# Mosquito Lagoon



## jhmorgan (May 16, 2007)

I am pretty sure I heard we are now allowed to post boating reports in regional sections, my apologies if I am wrong...

Went down South today and fished Mosquito Lagoon with my BIL. One of the best days on ML we have had in years. Wind was houling around 15-20, so we tucked up inside leeward shorelines. After poling around and having sporatic shots at a few fish, out of nowhere we had a school of reds on the bow. This school was at least 100-150 fish. I managed this upper slot fish (never measured him), and BIL had 2 fish spit flies before the school moved on.

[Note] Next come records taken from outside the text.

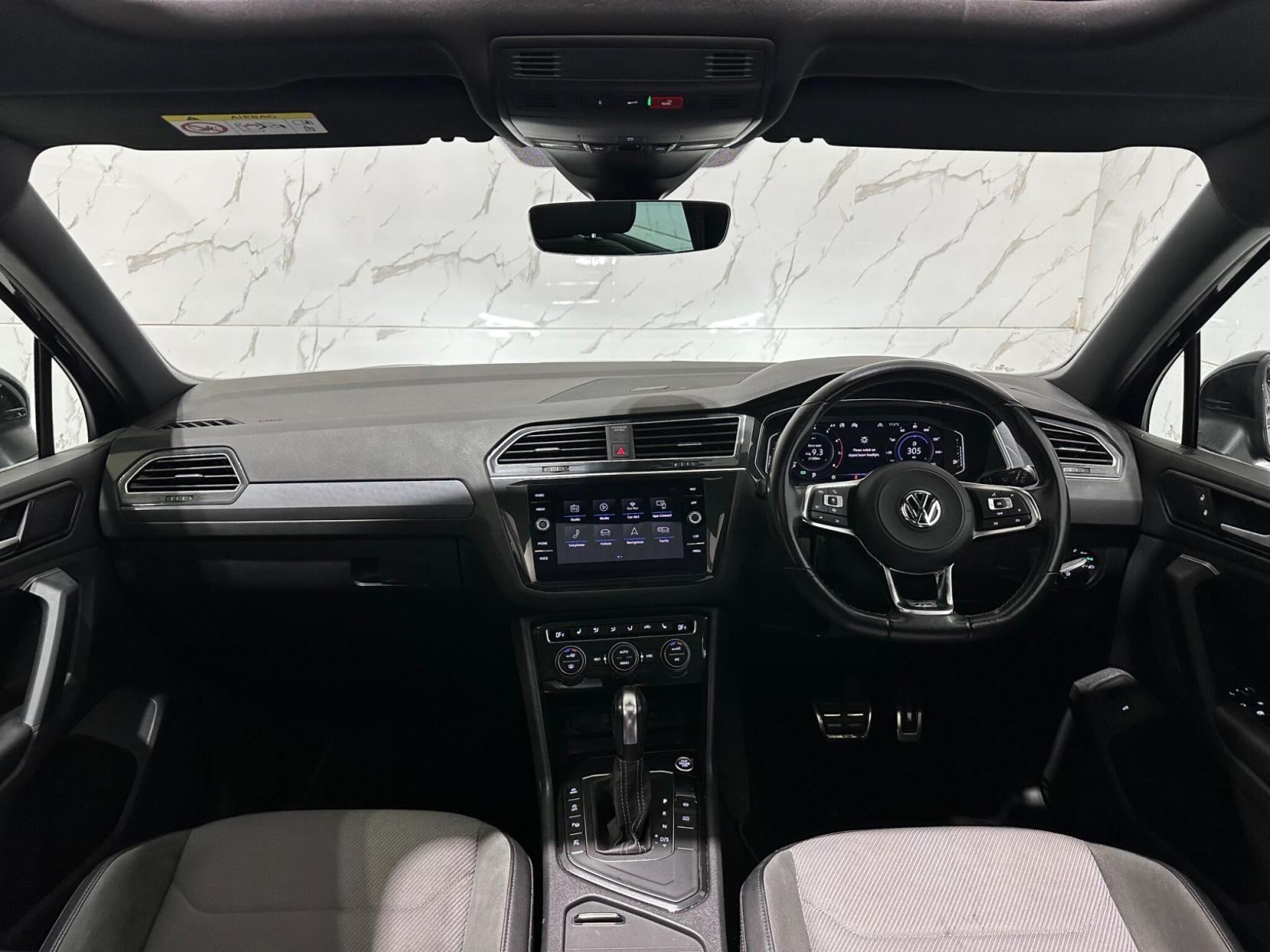 Volkswagen Tiguan 1.5 TSI EVO R-Line Tech DSG Euro 6 (s/s) 5dr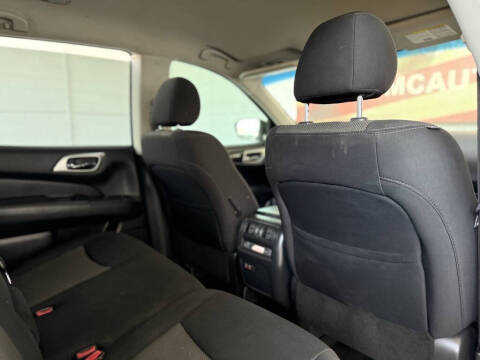 2020 Nissan Pathfinder S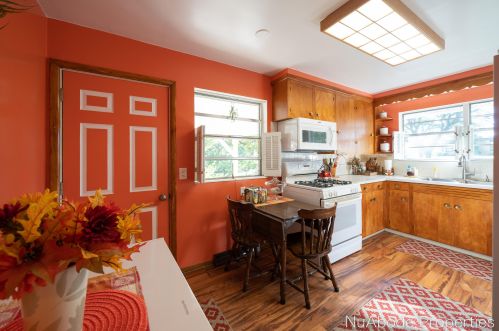 912 Westend Ave, Grand Rapids MI 49504-3847 exterior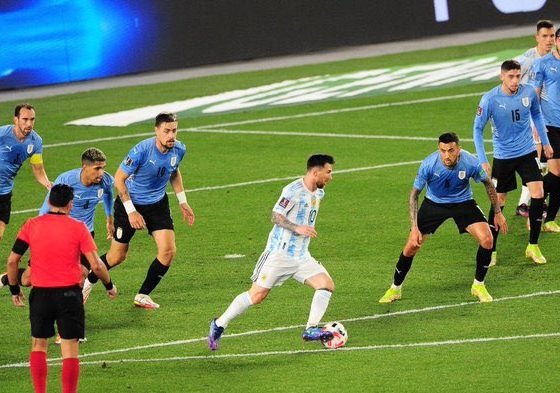 Argentina goleó a Uruguay y está cada vez más cerca de Qatar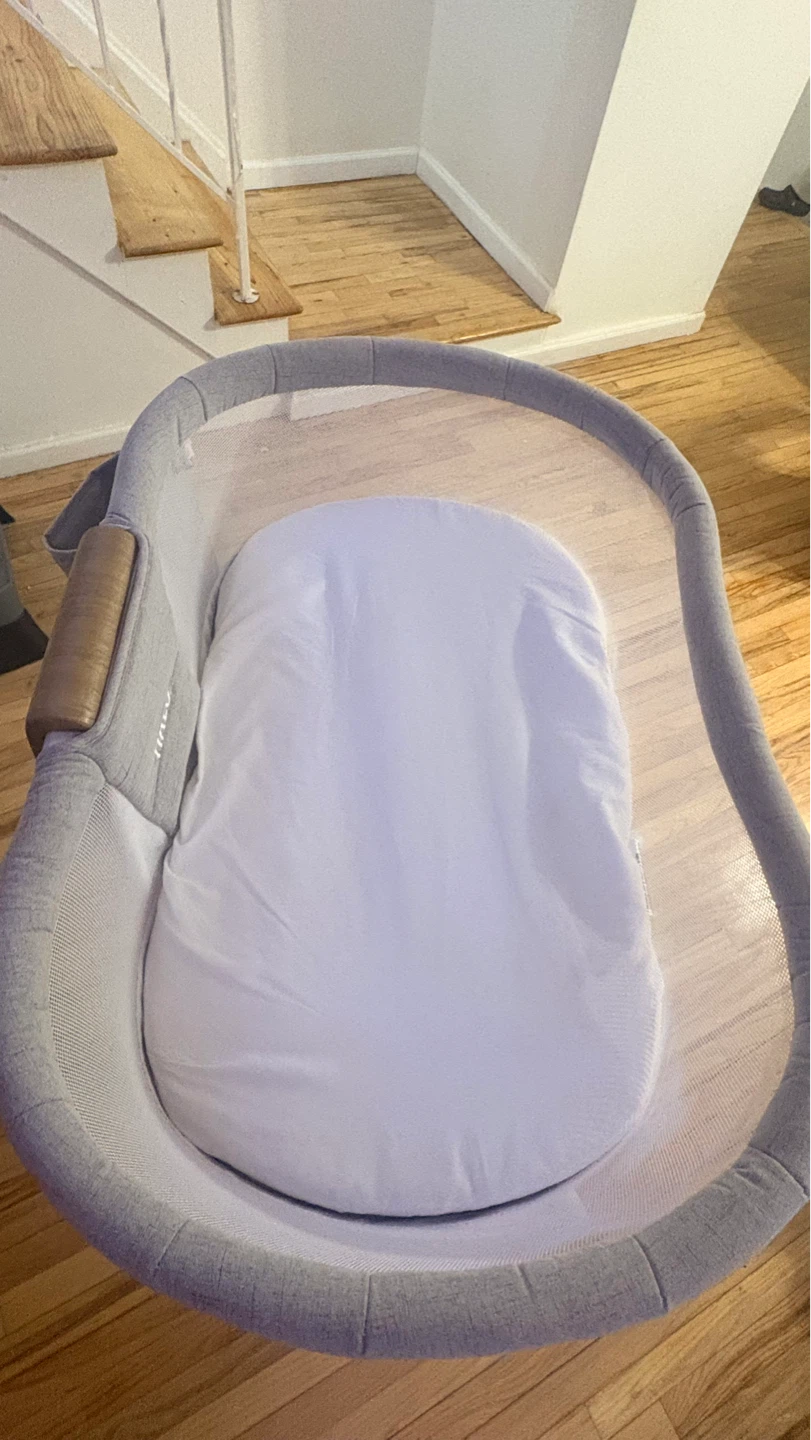 Halo Bassinest Swivel Sleeper - photo 4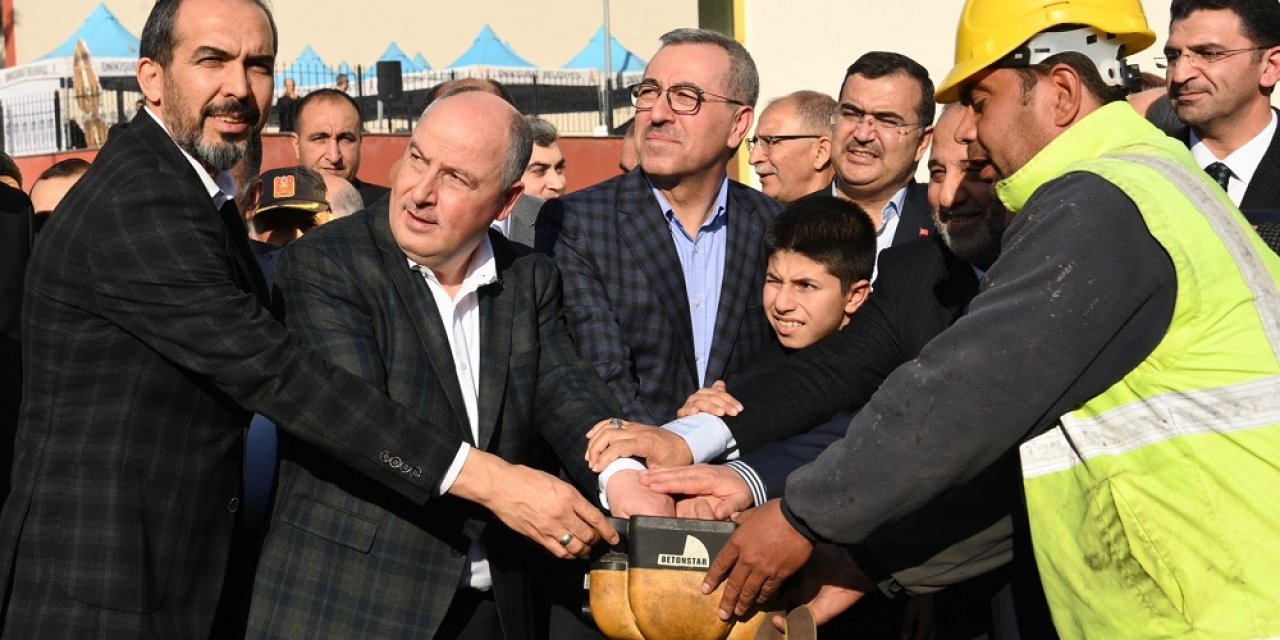 Başkan Güngör, Temel Atma Törenine Katıldı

After the release, it was my turn on the poling platform. Crawled around for about 30 minutes when all of a sudden a huge school was running parallel to us. It was a different school because we found it in the opposite direction as the last one had traveled. Funny thing is, they normally dont school up until winter time, and I had not seen a school in ML in a few years. And today, 2 schools in less than an hour. BIL managed this beauty on the long rod. Went searchign for tarpon to finish the day before noon. Found no poons but did see a 25-30" snook just sitting topwater in a shallow creek. Very cool sight.


----------



## RuddeDogg (Mar 20, 2004)

Great work. Congrats.


----------